Les catastrophes écologiques les plus célèbres de 2006 et 2011 ont été réellement la goutte de trop pour la population résidente et les pêcheurs. La mer était devenue rouge et l’aération des maisons était impossible à cause d’un dégagement dangereux de sulfure d’oxygène. L’ancien gouvernement, sous la présidence de Habib Bourguiba, envoya des spécialistes pour dissimuler les activités de l’ONAS, et affirma que c’était un phénomène tout à fait naturel. En réaction à la conclusion des spécialistes, les habitants ont décidé de se mobiliser et de protester contre les catastrophes environnementales depuis 2006, dans le but de faire réagir les autorités.

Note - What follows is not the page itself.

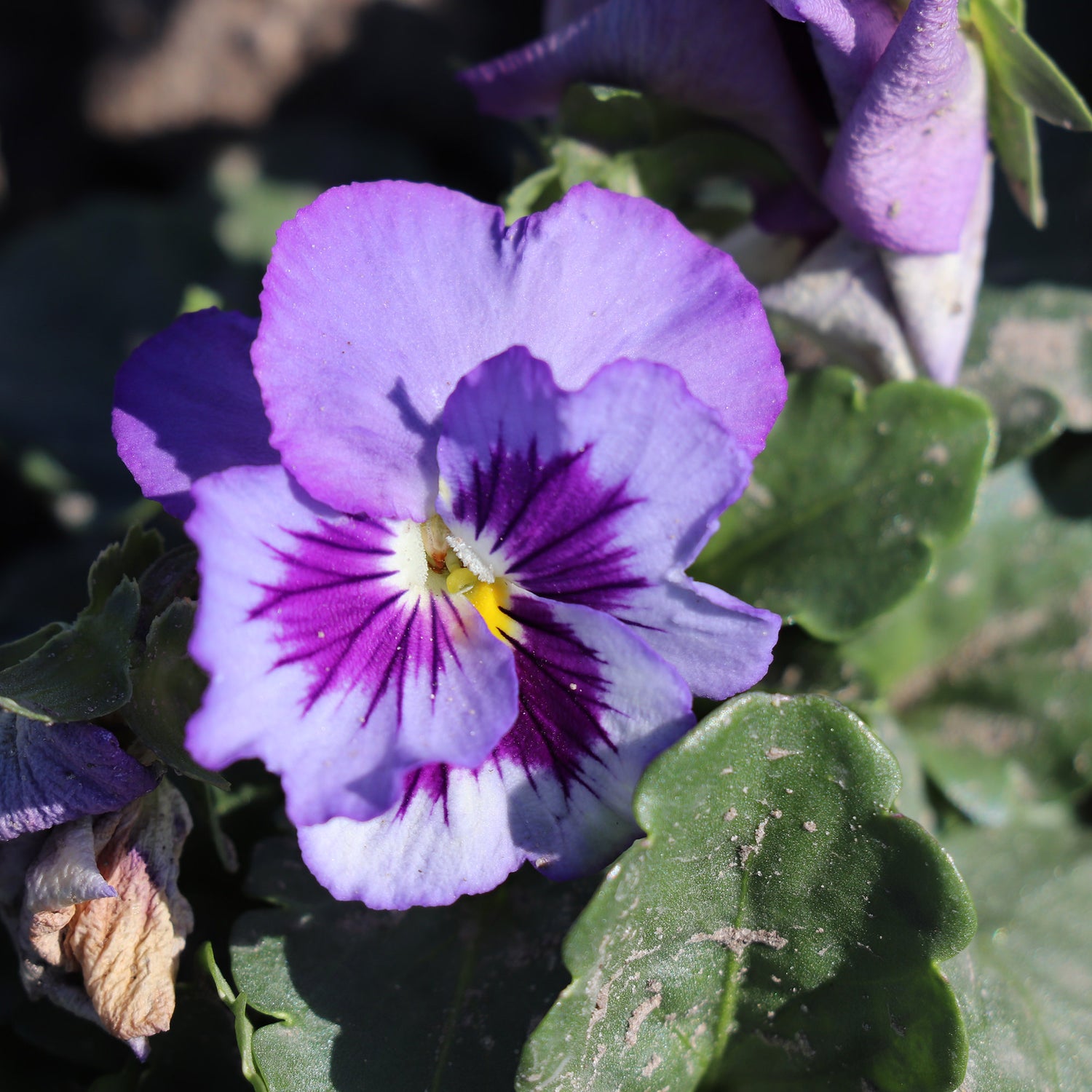 Pansy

Le directeur de l’ONAS, sous la pression du public, a mis en place en 2011, une nouvelle expertise de l’eau qui les déchargeait de toute responsabilité, en concluant que la mer était polluée par la présence d’une quantité énorme de chaux dans l’oued de la ville de Khniss, une substance qui masque les odeurs. Cependant, ce n’est qu’en 2013, suite au blocage des routes de la ville de Ksibet El Médiouni par des militants, que les autorités ont pris la décision de céder et de reconnaître leur négligence face au désastre.

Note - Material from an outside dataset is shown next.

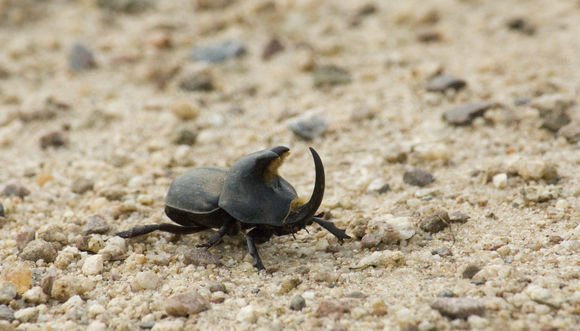 Image of <i>Diloboderus abderus</i> (Sturm 1826)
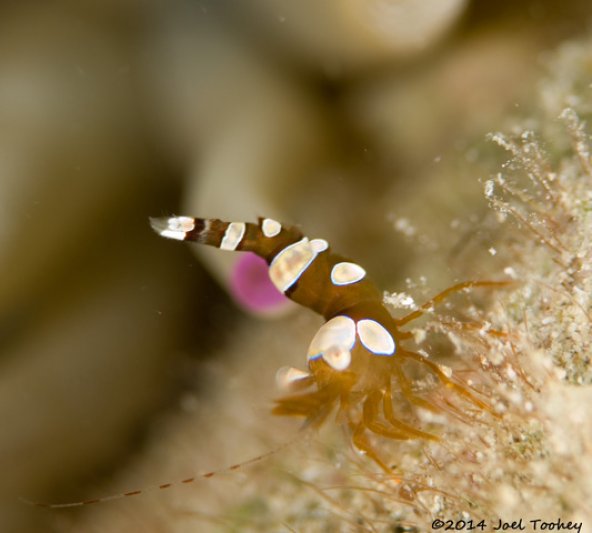 Photos of the Month - July 2021 Squat Anemone Shrimp - courtesy of Joel T.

Un premier remède au problème environnemental a été proposé en 2013. Le conseil ministériel dédié à la baie de Monastir a proposé d’allouer un budget pour permettre la délocalisation des stations d’épuration de Sayada vers le pôle technologique à l’ouest de Monastir, ainsi que la modernisation de la station de Frina et la création d’un conseil de garde. Jusqu’à présent, les mesures sont restées infructueuses, les promesses de l’ONAS ne conduisent à rien. Les pêcheurs ne trouvent plus de poissons et se retrouvent atteints de maladies cutanées. La mer est toujours jonchée de déchets et d’algues, ce qui préoccupe les habitants qui ne voient aucune avancée.
Au secours, mais de qui?
Le FTDES analyse et dénonce l’urgence environnementale dans la baie de Monastir. Le forum propose le projet Alkahina, qui a pour grandes lignes d’éradiquer la pollution marine, transformer progressivement des stations d’épuration en stations de pompage, séparer les eaux usées de ménages et les eaux industrielles polluées, délocaliser les usines polluantes dans des zones spécifiques, etc.
Or, comment continuer à lutter en faveur de la protection de l’environnement lorsque les autorités tunisiennes débarquent pour la deuxième fois, au siège social du FTDES, à Tunis, pour saisir tous leurs documents. Pire encore, le directeur du forum est menacé d’être emprisonné. Il convient de rappeler que de nombreux militants, acteurs médiatiques et employés de diverses ONG ont été appréhendés pour avoir dénoncé les mesures radicales prises contre les migrant.es et réfugié.es.
À l’approche des élections prévues le 6 octobre prochain, il semble que le président tunisien, Kaïs Saïed, qui vient de limoger 19 de ses ministres en une seule journée, souhaite maintenir une image impeccable et faire taire toutes les critiques à son égard. On retiendra donc une deuxième caractéristique du président Saïed, il est possible qu’il soit susceptible.